人種(race)概念の耐久性について

なぜ、「人種」(race)という概念はこんなにも長きに渡って持続しているのだろうか。様々な要因が絡んでいるとしても、特に大きな要因は何なのだろうか。

そんな根本的な問いを探るにあたって、昨年の冬はクリスマス返上で読書に耽っていました。そして、なんて多くの人々がこの問いに対して立ち向かってきたのだろうと感銘を受けつつ、世の中には自分の知らない事が多過ぎて、もう、いやんなったりもしました(笑)。

自分なりに出した結論としては、そこには文化的・政治的・経済的な要因が複雑に絡みあっており、特に経済的要因の重要度がもっとも高いのではないかということです。

 

  1. 文化的要因
    人間が物事を把握する上で「範疇化」「分類」すること。

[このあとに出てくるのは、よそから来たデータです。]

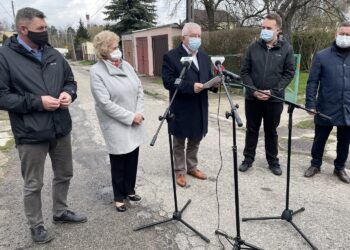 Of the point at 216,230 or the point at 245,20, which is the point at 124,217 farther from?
the point at 245,20

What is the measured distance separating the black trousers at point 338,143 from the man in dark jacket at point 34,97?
3.14 meters

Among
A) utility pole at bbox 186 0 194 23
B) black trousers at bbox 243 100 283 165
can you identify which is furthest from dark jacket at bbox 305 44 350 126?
utility pole at bbox 186 0 194 23

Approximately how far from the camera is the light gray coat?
334 cm

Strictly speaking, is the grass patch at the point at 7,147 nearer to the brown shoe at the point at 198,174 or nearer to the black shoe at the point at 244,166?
the brown shoe at the point at 198,174

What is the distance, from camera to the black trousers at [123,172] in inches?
143

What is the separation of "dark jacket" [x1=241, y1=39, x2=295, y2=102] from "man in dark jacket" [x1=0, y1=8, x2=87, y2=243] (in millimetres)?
2337

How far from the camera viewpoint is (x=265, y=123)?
14.9 ft

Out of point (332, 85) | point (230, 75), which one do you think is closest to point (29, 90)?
point (230, 75)

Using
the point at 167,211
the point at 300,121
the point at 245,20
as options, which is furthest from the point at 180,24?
→ the point at 167,211

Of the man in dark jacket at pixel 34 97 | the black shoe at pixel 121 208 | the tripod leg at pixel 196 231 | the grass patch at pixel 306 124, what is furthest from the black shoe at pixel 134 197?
the grass patch at pixel 306 124

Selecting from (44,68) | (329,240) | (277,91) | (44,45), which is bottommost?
(329,240)

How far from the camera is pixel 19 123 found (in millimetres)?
2896

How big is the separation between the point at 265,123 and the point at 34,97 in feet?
9.67

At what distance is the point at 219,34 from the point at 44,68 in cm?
1107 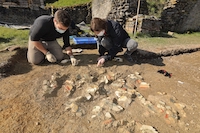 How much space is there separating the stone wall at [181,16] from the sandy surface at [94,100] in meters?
5.02

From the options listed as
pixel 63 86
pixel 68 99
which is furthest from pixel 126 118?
pixel 63 86

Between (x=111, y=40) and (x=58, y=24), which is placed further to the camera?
(x=111, y=40)

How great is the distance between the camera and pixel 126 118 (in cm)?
214

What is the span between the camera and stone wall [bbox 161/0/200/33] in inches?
305

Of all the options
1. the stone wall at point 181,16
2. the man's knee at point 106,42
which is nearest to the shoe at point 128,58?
the man's knee at point 106,42

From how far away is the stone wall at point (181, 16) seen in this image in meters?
7.75

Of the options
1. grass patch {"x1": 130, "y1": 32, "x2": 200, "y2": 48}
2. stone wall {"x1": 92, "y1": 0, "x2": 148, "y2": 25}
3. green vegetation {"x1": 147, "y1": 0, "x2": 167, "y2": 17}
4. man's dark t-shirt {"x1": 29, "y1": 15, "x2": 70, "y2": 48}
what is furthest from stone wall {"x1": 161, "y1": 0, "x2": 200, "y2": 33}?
man's dark t-shirt {"x1": 29, "y1": 15, "x2": 70, "y2": 48}

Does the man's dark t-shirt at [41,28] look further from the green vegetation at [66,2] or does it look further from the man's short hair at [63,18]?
the green vegetation at [66,2]

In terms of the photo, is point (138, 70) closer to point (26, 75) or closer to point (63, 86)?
point (63, 86)

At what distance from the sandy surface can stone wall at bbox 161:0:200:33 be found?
198 inches

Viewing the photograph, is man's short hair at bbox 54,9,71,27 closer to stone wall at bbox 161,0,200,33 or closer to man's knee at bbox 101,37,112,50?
man's knee at bbox 101,37,112,50

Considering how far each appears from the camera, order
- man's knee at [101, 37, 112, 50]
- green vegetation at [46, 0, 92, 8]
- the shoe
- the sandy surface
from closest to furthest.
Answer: the sandy surface → man's knee at [101, 37, 112, 50] → the shoe → green vegetation at [46, 0, 92, 8]

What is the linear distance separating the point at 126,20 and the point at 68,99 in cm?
589

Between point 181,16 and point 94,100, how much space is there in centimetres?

特に、18〜19世紀アメリカにおいては、旧約聖書にかかれた人類の起源を巡って、人間の見た目の違いを説明するのは、宗教よりも自然科学の方が望ましかった。そこで、人間を野菜や動物のように見た目の特徴で分類する科学者たちが台頭しました。勿論、現在では見た目で人を差別する事は先進諸国では御法度になったものの、「文化・慣習の違い」など異なる理由で差別が正当化されたり、既存の人種差別構造が新たなマイノリティ人口の間で再生産されるなど、根深いものがあります。
  2. 政治的要因
    近代国民国家樹立を背景に、ネイションの境界を定義・維持する事が主権国家にとって最大関心事となり、そのために「人種」「民族」が政治化されたこと。アメリカでのジムクロー法や南ア共和国でのアパルトヘイト、戦中ドイツにおけるユダヤ人や黒人・ジプシーの迫害などはこれにあたります。また、近年の複雑化する移民社会では、良くも悪くも国勢調査を始めとして公的に人種のラベルを活用する制度が存在します。
  3. 経済的要因
    資本主義社会においては、人種が階級・社会階層に組み込まれてしまうこと。すなわち、古くは奴隷や今では移民労働者が「安い労働力」としてホスト国家の労働市場流入したあと、社会構造の下層部に組み込まれる状況が存在します。皮肉にも、経済理論上は人種の区別なく、事業主が出来るだけ安くて質の高い労働力を確保しようとすることからこの傾向は加速化しやすいわけです。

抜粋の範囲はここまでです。